印刷 2022年05月19日デイリー版1面

インドネシア―欧州、ドライ貨物4―5割増。露制裁で石炭代替か

 インドネシア積み―欧州揚げのドライ貨物荷動きが増加している。英国の船価鑑定大手ベッセルズ・バリュー(VV)の集計によると、3月は前年同月比5割増、4月は4割増に拡大。ウクライナ侵攻に伴う対ロシア制裁を背景に、欧州各国がロシア炭の代替ソースとして、インドネシア炭の調達を増加させているとみられる。

 インドネシア―欧州間のドライ荷動きデータはVVが船舶トラッキング情報を基に算出した。

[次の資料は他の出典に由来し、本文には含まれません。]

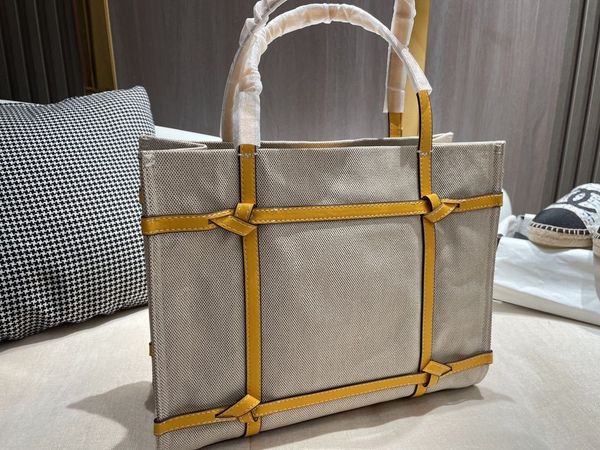 2021 designer bag fashion canvas women tote large handbags travel shopping bags lady handbag size 33x27cm fashionbag_s
2021 designer bag fashion canvas women tote large handbags travel shopping bags lady handbag size 33x27cm fashionbag_s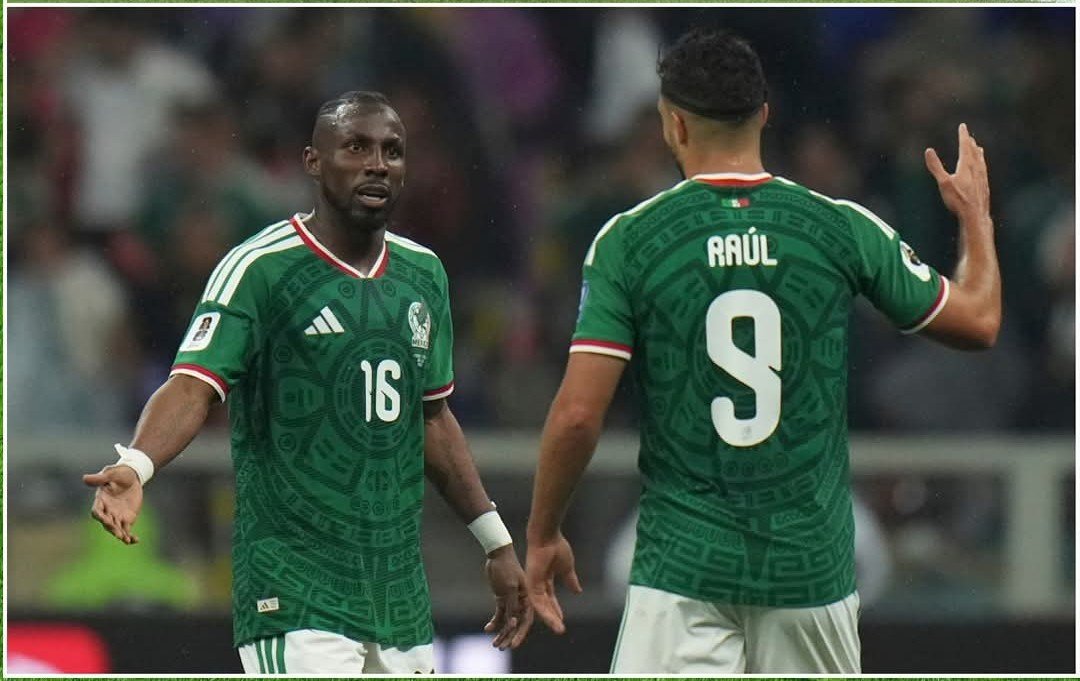 VillasenorC_'s tweet photo. Necesitamos ver a Quiñones más cerca de Raul Jimenez. Más cercano al área https://t.co/XX6cV6h6Ak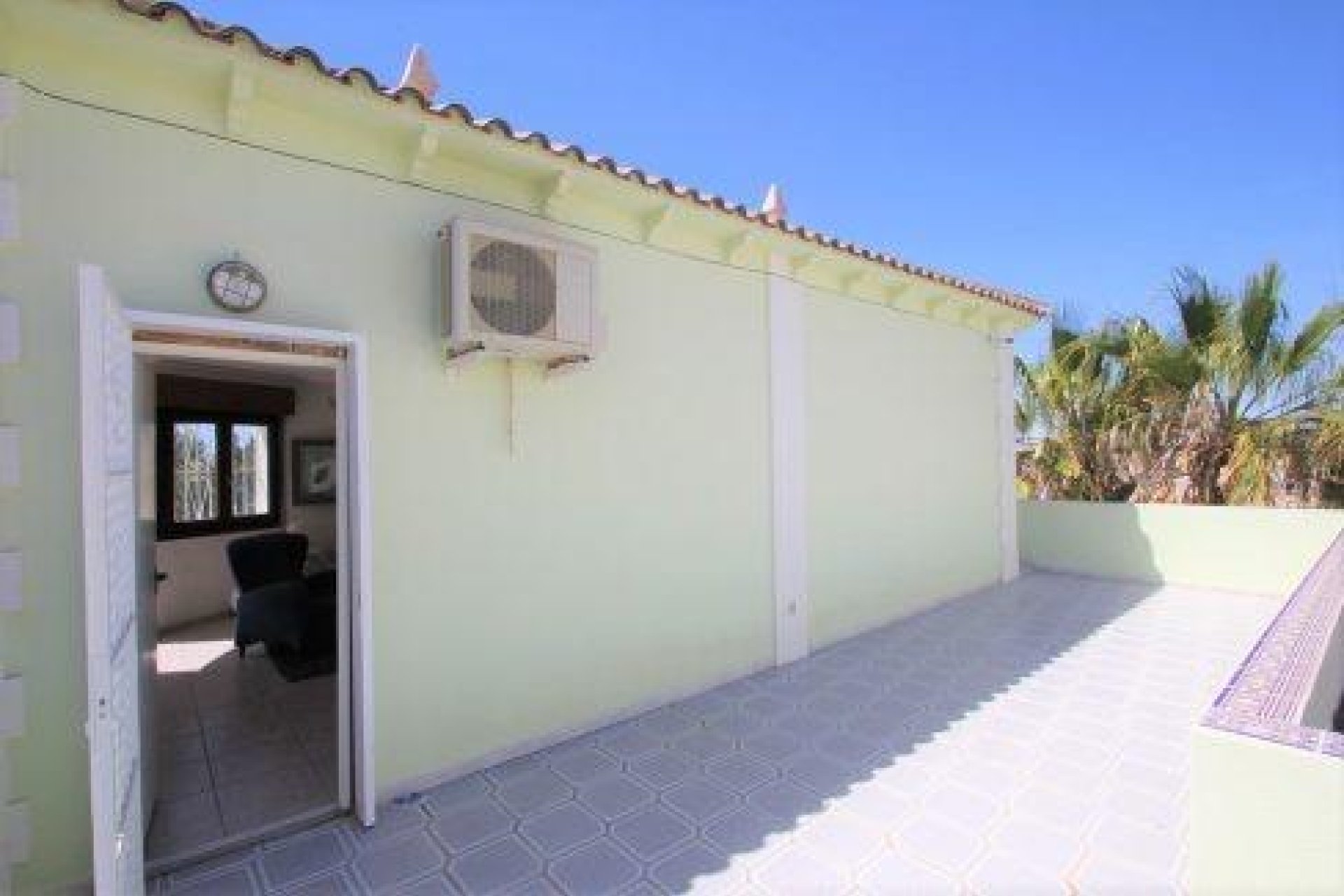 Resale - Villa -
Orihuela Costa - Villamartín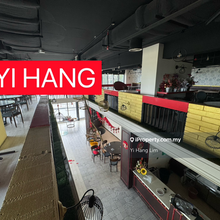 Ground & Mezzanine floor shoplot at Persiaran Gurney for rent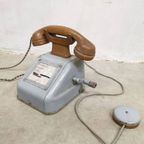 Industriële Vintage Telefoon Met Handgenerator thumbnail 5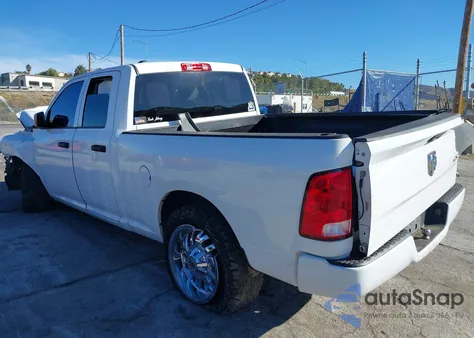 2016 Ram 1500 Express z USA, uszkodzony, nr VIN 1C6RR7FG4GS166845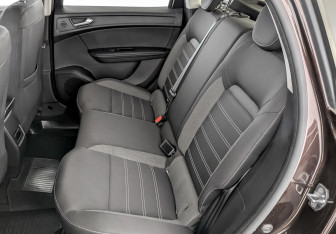 Подержанный автомобиль Renault Arkana 2020 года (12 фото)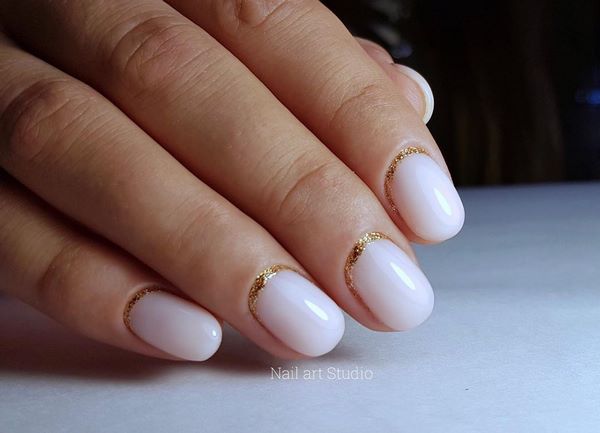 Idea bergaya manicure neutral 2024-2025: berita terkini dan imej teratas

 3月は8航海で54万トン強(前年同月比50%増)、4月は7航海で約38万トン(同37%増)の輸送を記録。バルカーの船型はスープラマックス中心に、ケープサイズやカムサマックス、ハンディサイズで輸送されている。

 短距離トレードのロシア―欧州間の荷動きが遠距離のインドネシア―欧州航路に置き換わることは、船腹需給の強力な引き締め要因となる。

 特に、従来は不採算航路だった太平洋―大西洋のバックホール(復航)の押し上げに作用。17日付のスープラマックスのバックホール用船料は日建て3万6550ドルと、大西洋―太平洋のフロントホール(往航)の3万2000ドル台を上回っている。